Flat-bed Scanners – Before printers developed the capability to scan as well as print and copy, folks had to have flat-bed scanner in order to scan and send documents or pictures. When turned on, the bed will light up, and that lighted surface is pretty large. The only downside to this is that the top of the scanner is attached to the bed and isn’t removable. That is about the only issue that will need to be dealt with. Check out thrift stores for these. Most of the time old flat-bed scanners can be picked up for a few dollars.
Storage Box – A clear plastic storage box (generally priced between $10 – $15) can be converted into a light box. You may even have one in your quilt area that’s full of fabric you could shift somewhere else. The box needs to be deep enough and long enough to add the light with a little room to spare. The lid should be flat, so the drawing surface will be smooth. You’ll need a light source to go in the box and there a couple of ways this can be accomplished. You could cut a hole in the side of the box, close to the bottom and insert a light source that plugs into an electrical outlet. However, my favorite light source is this:
These are battery operated and can be purchased at most dollar store establishments. Simply put these in the bottom of the box, press them on, return the lid to the box, and trace away. If the box is big, a couple can be used. And if the light is too bright, just tape down a piece of white paper over the lid to diffuse it a bit.
Acrylic Sewing Machine Extension – If your sewing machine has one of these, it can do double duty as a light box. Simply put one of those press-on lights underneath the extension and get busy.
These are “small” fixes for a light box – they’re only so big. There may come a time when you need a bigger one – especially if you’re making a Baltimore Album Quilt or working with a quilt that has large applique panels like this:
Commercial light boxes and those homemade light boxes listed above can only be so big. So, what’s a quilter to do?
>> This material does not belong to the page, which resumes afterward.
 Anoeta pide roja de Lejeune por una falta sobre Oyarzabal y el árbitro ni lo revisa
Below are some solutions that will not cost you anything but a few dollars. In fact, you may already have these in your home or garage.
A Kitchen or Dining Room Table that Has an Extension Leaf Capability – Pull the table apart as if you’re inserting the leaf. Measure that area and head to the hardware store/building supply house and pick up a piece of Plexiglas that will fit that area. The Plexiglas will fit into the area the table extension would go. Be sure to tape the edges of the Plexiglas with some kind of tape to keep it from scratching any of the table’s wood surfaces. Place a light source beneath the Plexiglas and you’re good to go. Bonus factor in this set up is that it’s just the right height to take the strain off your back.
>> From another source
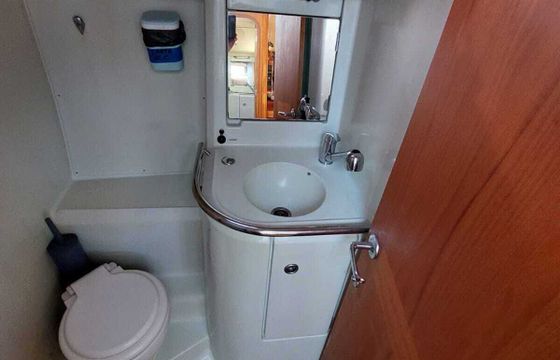 Sailboat Beneteau Oceanis 440 13.66m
Window or Sliding Glass Door – If you don’t have a table that has extension leaf capability, you can always use a large window or a sliding glass door. Simply tape the pattern to whichever one you’re using and trace away. Of course, using this method means you have to do your tracing during the daylight hours (unless you can talk someone into standing outside the window or door with a light source at night)
Light boxes are wonderful tools for any quilter, and if you really like to applique, they’re a must. If your budget allows it, purchase one that fits your need and your wallet. If you’re only an occasional appliquer, one of the homemade light boxes may fit your needs better.
Until Next Week, Quilt with Passion!
Love and Stitches,
Sherri and Sam
PS — Thanks to everyone who commented on The Quilt That I Can’t Finish. Ya’ll had some wonderful ideas and I’m thinking about exactly what I want to do. I’m leaning towards making it a wall hanging with the picture of my dad and me in the middle. I’ll let you know what I decide.